# Element of order $p$ and finite height $\geq1$ in a reduced abelian group $p$-group with an element of order $p^2$

This is a reference request for the following statement:

Fact: Let $$G$$ be a reduced abelian $$p$$-group with an element of order $$p^2$$. Then $$G$$ contains an element of order $$p$$ and of finite height at least $$1$$.

The proof of this uses only basics properties of the height function $$h_p(-)$$ (and the result is trivial if $$G$$ has no elements of infinite height). However, instead of writing down the proof, I would prefer to make a reference to some textbook or paper, as I'm sure that this fact is well-known to specialists of abelian groups.

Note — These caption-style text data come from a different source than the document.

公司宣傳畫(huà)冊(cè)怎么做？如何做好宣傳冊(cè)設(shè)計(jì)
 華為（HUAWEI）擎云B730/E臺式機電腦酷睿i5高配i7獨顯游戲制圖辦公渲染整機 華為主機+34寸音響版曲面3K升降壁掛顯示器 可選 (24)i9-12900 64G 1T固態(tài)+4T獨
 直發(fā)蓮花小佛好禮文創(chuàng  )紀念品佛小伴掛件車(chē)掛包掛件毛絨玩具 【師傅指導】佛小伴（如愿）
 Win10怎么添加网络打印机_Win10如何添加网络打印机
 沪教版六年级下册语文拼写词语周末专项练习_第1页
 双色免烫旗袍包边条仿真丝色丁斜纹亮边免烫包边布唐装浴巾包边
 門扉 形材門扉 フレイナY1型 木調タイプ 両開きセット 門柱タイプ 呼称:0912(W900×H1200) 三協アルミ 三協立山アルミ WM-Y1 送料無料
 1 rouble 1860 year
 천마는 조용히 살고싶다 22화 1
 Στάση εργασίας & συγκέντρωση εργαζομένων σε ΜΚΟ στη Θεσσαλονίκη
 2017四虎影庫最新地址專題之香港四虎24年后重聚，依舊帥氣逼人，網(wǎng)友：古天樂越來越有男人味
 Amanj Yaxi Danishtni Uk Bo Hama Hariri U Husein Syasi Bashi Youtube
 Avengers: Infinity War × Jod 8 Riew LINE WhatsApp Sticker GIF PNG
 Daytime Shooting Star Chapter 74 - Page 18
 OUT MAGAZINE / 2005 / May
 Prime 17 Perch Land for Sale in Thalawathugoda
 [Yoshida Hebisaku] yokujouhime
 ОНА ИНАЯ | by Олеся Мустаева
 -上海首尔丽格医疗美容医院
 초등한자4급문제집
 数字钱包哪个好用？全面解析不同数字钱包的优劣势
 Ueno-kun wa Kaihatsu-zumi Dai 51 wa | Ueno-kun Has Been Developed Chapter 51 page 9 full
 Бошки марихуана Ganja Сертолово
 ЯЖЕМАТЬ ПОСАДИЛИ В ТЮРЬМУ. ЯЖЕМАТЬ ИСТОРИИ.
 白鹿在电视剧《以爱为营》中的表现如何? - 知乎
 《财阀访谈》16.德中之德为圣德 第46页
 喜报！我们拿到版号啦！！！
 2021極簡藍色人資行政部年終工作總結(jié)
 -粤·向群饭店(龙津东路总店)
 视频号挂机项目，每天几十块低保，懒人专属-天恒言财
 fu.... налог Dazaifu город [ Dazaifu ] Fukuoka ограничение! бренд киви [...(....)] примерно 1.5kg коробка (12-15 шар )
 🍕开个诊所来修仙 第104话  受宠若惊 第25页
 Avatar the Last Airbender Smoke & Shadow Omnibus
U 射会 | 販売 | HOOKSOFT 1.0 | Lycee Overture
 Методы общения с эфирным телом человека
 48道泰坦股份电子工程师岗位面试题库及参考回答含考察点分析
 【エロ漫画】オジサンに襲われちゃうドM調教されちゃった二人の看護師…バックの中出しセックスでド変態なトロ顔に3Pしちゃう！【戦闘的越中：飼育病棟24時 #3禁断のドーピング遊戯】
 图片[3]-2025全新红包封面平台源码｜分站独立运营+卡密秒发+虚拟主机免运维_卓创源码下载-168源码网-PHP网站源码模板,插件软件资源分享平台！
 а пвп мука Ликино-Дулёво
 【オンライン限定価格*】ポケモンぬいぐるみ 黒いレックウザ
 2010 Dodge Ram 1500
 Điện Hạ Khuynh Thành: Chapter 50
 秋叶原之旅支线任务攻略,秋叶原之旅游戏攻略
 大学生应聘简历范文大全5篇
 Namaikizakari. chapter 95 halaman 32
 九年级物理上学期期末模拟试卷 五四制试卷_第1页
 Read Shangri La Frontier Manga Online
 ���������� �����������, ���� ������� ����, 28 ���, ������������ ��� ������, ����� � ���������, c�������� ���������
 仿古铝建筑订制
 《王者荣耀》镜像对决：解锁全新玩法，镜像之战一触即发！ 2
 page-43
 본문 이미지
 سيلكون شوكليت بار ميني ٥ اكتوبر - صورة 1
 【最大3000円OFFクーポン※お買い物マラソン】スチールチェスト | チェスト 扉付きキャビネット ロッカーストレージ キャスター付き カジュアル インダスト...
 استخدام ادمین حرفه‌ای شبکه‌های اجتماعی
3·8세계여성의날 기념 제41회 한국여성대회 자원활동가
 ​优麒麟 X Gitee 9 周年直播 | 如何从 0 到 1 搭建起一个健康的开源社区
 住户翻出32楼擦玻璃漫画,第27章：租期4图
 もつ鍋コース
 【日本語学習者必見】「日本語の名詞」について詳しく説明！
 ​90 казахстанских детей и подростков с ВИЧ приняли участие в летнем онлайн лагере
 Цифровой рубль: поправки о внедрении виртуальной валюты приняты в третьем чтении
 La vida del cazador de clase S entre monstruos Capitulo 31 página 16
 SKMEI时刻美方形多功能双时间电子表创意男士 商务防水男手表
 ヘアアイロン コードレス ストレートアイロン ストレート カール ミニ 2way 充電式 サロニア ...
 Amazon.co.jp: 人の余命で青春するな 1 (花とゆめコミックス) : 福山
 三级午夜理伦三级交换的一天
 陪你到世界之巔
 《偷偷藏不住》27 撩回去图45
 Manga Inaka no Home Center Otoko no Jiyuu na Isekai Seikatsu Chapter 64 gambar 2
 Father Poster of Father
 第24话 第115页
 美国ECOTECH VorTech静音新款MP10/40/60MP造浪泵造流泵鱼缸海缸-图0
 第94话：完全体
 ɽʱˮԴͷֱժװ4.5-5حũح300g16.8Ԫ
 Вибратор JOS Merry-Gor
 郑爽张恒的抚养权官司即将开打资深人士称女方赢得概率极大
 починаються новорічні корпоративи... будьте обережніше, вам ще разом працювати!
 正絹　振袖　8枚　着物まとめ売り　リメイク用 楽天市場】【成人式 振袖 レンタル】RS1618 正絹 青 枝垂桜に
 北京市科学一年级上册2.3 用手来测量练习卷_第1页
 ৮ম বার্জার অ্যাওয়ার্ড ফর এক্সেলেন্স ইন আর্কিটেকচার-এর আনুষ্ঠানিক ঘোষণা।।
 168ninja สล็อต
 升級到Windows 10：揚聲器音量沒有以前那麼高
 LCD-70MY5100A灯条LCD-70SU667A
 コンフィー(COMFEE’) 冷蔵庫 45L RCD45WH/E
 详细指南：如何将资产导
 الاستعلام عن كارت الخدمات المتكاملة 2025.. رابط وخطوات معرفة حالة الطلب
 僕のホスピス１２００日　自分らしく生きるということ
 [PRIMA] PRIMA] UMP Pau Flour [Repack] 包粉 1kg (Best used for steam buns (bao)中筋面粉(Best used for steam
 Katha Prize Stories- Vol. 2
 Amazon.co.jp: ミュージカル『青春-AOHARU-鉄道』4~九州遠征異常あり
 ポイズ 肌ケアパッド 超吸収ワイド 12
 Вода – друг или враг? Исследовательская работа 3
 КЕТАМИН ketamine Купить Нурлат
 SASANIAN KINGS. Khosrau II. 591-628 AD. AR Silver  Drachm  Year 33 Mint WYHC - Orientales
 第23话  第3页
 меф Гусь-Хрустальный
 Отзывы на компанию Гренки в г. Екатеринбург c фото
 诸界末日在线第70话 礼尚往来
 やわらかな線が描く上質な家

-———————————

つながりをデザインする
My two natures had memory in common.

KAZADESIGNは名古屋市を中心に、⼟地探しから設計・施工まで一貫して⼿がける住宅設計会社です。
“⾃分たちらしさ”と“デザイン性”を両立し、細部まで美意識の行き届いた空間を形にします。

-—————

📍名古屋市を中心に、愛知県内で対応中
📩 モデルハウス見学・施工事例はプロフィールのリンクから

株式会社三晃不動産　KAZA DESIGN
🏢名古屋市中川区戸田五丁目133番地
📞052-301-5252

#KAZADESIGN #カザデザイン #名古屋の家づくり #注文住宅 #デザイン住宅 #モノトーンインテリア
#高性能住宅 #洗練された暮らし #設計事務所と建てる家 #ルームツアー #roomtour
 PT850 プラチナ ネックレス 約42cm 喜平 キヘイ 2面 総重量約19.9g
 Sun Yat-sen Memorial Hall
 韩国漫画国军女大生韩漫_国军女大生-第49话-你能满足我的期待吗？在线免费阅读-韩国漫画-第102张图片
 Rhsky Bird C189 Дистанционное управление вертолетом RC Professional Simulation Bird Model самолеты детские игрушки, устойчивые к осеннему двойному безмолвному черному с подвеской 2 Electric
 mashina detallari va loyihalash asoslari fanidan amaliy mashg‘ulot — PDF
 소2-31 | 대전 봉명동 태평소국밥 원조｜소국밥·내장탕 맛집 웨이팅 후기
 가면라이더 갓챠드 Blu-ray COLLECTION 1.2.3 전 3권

Let $$A$$ be an abelian $$p$$--group of length $$\tau$$, $$\sigma_0 < \sigma_1 < \cdots < \sigma_{n-1} < \tau$$ a sequence of ordinals, then $$(\sigma_0, \dots, \sigma_{n-1}, \sigma_n = \infty)$$ is the indicator of some $$a\in A$$ of order $$p^n$$ if and only if it satisfies the gap condition: if $$\sigma_{i+1} > \sigma_i + 1$$ then the $$\sigma_i$$ Ulm--Kaplansky invariant of $$A$$ is non--zewro.